Why Discord for MCP server alerting
Discord is the de-facto community platform for the MCP ecosystem. The official MCP Discord has thousands of members. The r/ClaudeAI and r/MCP communities cross-post to Discord servers. If you have published an MCP server, there is a reasonable chance your early adopters are on a Discord server where you are also present.
This creates a monitoring advantage that PagerDuty and OpsGenie do not have: proximity to users. When your server goes down and AliveMCP fires an alert to your #ops-alerts channel, users on your community Discord who encounter issues can be pointed to that channel thread for status updates. You can respond to both the alert and the community inquiry in the same tool. The alert becomes a live status post, not a private ops notification.

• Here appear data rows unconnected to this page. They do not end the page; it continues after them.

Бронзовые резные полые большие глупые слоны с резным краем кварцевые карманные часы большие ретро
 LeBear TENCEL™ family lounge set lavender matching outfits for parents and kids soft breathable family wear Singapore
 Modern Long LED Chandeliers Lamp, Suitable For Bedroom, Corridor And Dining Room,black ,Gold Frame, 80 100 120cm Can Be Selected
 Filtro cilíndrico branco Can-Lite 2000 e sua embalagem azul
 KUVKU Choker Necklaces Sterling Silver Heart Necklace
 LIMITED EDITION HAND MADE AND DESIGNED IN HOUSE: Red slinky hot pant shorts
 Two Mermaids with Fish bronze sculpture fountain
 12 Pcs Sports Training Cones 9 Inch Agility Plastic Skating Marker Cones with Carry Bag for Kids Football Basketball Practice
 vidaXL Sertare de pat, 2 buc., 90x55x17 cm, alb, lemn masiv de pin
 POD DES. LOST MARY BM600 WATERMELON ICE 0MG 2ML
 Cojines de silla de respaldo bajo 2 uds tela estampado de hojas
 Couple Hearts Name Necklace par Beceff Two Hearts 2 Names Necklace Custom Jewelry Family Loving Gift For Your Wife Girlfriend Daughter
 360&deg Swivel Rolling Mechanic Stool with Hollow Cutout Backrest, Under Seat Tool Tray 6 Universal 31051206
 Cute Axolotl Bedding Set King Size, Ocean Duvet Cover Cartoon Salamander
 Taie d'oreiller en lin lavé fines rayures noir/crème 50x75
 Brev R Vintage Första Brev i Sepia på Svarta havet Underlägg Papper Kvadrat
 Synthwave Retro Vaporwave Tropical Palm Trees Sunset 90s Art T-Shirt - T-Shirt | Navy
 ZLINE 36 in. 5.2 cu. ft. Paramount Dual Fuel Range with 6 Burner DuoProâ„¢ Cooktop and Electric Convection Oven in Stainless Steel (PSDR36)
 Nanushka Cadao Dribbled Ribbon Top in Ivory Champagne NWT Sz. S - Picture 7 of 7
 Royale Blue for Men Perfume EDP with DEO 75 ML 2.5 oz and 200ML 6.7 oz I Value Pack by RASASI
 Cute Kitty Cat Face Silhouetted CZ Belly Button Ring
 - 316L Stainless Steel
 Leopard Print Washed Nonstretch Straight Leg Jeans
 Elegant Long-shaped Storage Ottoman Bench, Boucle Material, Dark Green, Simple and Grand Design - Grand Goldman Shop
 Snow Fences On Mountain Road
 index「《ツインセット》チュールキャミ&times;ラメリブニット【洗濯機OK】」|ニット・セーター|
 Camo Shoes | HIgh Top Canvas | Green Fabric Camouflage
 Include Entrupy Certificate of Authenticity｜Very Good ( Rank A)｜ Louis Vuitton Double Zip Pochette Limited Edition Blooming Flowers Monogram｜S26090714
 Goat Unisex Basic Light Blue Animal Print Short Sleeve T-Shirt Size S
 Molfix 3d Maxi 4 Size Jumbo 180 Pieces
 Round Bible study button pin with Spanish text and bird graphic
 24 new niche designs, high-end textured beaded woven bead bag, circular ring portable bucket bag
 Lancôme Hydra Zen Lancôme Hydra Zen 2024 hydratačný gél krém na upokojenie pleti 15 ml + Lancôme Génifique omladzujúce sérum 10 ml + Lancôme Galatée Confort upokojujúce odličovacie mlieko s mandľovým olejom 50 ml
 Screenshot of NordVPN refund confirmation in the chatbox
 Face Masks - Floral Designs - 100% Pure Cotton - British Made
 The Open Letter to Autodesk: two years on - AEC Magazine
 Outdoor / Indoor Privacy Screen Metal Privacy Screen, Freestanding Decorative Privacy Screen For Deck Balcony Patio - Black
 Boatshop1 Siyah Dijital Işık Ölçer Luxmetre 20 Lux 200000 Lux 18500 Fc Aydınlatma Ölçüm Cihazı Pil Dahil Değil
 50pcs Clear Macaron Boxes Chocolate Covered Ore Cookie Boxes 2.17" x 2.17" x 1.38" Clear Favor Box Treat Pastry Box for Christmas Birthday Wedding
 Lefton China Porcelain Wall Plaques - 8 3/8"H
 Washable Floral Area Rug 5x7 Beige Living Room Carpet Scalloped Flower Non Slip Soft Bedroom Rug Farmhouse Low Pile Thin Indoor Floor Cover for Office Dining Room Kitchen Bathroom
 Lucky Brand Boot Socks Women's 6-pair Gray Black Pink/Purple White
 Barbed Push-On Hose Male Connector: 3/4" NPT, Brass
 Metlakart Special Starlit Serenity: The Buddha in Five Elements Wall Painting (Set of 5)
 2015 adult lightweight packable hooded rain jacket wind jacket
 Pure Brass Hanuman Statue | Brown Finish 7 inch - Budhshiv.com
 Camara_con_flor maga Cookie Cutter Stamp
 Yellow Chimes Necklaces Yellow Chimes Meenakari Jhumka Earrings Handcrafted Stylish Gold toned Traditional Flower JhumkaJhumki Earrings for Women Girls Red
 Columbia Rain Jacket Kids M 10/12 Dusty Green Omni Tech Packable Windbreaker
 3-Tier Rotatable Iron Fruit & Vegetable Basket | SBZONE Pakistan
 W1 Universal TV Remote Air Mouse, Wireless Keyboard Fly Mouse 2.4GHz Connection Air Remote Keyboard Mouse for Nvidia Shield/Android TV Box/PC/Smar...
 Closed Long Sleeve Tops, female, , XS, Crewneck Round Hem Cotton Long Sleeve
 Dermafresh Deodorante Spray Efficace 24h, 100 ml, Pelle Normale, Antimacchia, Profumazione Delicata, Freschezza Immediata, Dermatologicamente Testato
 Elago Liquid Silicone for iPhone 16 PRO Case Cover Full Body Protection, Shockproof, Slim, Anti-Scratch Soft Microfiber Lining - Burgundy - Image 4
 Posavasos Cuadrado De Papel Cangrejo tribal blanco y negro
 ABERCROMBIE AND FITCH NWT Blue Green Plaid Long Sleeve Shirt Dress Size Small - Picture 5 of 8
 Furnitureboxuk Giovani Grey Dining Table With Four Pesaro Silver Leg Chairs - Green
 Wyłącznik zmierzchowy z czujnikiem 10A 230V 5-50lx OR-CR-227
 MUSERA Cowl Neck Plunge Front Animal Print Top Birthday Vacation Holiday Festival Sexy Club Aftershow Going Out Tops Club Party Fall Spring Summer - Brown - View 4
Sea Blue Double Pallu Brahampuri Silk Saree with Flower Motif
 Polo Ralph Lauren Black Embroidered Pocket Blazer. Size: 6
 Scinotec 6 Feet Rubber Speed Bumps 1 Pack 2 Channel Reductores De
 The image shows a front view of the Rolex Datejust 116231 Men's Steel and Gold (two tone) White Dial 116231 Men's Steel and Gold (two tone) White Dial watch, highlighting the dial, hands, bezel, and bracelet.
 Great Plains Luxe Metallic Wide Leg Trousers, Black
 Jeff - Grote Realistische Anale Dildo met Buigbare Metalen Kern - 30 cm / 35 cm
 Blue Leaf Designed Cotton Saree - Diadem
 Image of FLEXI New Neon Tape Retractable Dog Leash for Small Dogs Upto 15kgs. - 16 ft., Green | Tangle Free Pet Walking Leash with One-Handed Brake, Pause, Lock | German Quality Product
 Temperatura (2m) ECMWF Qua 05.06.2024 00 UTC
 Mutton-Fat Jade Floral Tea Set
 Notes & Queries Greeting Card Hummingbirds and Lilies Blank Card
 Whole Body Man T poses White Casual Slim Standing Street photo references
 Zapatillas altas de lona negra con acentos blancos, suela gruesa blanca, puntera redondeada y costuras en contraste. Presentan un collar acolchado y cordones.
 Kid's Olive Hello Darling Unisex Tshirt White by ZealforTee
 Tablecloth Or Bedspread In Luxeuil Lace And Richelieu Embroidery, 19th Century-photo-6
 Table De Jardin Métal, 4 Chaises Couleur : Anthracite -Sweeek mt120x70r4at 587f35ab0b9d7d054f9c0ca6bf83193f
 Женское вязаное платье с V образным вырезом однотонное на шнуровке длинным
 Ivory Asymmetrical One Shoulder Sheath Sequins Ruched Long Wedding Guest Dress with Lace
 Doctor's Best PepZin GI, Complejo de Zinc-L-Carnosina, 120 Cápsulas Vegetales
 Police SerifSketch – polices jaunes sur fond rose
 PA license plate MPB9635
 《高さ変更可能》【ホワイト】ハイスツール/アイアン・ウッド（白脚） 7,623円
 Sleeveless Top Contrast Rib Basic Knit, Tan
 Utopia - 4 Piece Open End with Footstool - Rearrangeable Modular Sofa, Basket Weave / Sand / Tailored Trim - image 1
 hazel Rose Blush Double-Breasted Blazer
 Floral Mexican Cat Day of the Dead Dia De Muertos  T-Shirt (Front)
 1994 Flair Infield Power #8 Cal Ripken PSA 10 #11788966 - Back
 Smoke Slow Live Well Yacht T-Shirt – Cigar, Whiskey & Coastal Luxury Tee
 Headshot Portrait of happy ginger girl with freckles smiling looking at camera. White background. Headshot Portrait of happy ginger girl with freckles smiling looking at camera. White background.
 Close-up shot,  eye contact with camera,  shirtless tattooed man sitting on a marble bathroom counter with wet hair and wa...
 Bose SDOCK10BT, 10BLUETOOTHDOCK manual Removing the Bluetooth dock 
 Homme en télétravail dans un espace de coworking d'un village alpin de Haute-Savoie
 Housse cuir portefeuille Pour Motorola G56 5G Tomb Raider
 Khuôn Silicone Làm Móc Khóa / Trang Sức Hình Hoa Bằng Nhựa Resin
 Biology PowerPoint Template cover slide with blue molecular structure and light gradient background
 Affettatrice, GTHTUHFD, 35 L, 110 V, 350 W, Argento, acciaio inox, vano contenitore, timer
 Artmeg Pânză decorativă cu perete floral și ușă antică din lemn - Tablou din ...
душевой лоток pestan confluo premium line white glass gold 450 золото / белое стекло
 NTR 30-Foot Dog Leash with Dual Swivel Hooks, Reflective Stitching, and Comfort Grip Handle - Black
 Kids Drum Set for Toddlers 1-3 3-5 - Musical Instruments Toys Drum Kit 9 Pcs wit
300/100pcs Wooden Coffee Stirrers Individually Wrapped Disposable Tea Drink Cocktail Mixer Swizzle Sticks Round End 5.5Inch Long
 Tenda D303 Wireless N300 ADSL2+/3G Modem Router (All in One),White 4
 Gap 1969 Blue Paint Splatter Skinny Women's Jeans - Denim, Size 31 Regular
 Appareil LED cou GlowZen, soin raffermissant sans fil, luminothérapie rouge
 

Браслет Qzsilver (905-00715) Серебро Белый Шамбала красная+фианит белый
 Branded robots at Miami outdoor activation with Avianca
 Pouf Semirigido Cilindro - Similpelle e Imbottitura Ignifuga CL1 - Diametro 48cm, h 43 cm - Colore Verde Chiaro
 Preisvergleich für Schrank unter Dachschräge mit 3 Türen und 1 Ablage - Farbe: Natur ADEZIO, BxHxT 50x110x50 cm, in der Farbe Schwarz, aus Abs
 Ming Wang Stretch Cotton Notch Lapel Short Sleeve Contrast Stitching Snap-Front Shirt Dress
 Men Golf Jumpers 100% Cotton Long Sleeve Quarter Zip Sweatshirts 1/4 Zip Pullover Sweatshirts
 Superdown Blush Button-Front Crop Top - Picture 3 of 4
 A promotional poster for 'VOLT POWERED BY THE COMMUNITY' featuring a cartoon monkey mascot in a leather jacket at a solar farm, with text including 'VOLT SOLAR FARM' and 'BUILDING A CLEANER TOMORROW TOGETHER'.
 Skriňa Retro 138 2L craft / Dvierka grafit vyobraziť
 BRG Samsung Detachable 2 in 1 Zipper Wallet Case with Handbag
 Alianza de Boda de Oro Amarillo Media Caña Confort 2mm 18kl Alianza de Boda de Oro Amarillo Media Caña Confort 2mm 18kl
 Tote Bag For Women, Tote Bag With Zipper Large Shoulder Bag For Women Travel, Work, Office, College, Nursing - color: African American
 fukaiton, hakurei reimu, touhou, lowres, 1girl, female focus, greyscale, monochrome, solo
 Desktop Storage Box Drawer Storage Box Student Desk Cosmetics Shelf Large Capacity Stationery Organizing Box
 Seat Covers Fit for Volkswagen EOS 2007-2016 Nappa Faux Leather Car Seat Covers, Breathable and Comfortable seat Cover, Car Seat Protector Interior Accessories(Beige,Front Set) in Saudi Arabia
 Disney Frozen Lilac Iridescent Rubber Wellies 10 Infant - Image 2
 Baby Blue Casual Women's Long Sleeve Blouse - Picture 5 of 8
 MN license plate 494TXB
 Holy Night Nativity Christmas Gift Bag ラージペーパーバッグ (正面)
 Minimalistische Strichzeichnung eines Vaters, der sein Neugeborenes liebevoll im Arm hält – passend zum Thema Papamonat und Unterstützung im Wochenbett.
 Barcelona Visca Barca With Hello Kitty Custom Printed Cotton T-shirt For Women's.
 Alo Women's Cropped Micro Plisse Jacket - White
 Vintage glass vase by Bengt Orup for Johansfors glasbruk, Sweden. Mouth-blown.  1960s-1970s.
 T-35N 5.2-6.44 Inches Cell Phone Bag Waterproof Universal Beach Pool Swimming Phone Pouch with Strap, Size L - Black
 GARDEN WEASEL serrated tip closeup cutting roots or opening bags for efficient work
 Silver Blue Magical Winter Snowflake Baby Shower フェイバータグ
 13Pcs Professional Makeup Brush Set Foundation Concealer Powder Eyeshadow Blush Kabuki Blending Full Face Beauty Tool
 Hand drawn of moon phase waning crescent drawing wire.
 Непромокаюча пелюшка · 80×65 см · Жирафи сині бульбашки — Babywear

| Use case | Discord best fit? | Why / why not |
|---|---|---|
| Solo indie author, side-project MCP server | Yes | Already in Discord, no extra tool, community-visible ops |
| Small dev team (2–5), no formal on-call | Yes | Role ping is sufficient escalation; team is responsive |
| Production service, SLA commitments | Partial | Use Discord for visibility + PagerDuty for guaranteed wake-up |
| Enterprise team with on-call rotation | No | Discord DND does not guarantee notification; use PagerDuty/OpsGenie |
The key limitation of Discord for production alerting: Discord respects Do Not Disturb mode on mobile. A phone on DND will not vibrate for Discord notifications. PagerDuty and OpsGenie bypass DND using high-priority notification channels on iOS and Android. For MCP servers where downtime during sleeping hours is a critical business issue, layer Discord over a dedicated on-call tool rather than using it as the sole alerting channel.
Creating a Discord webhook
In your Discord server, go to Server Settings → Integrations → Webhooks → New Webhook. Name it "AliveMCP Alerts" and assign it to your #ops-alerts channel (create the channel first if needed). Copy the webhook URL — it looks like https://discord.com/api/webhooks/{id}/{token}. This URL is a secret: anyone with it can post to your channel. Store it in an environment variable, never in source code.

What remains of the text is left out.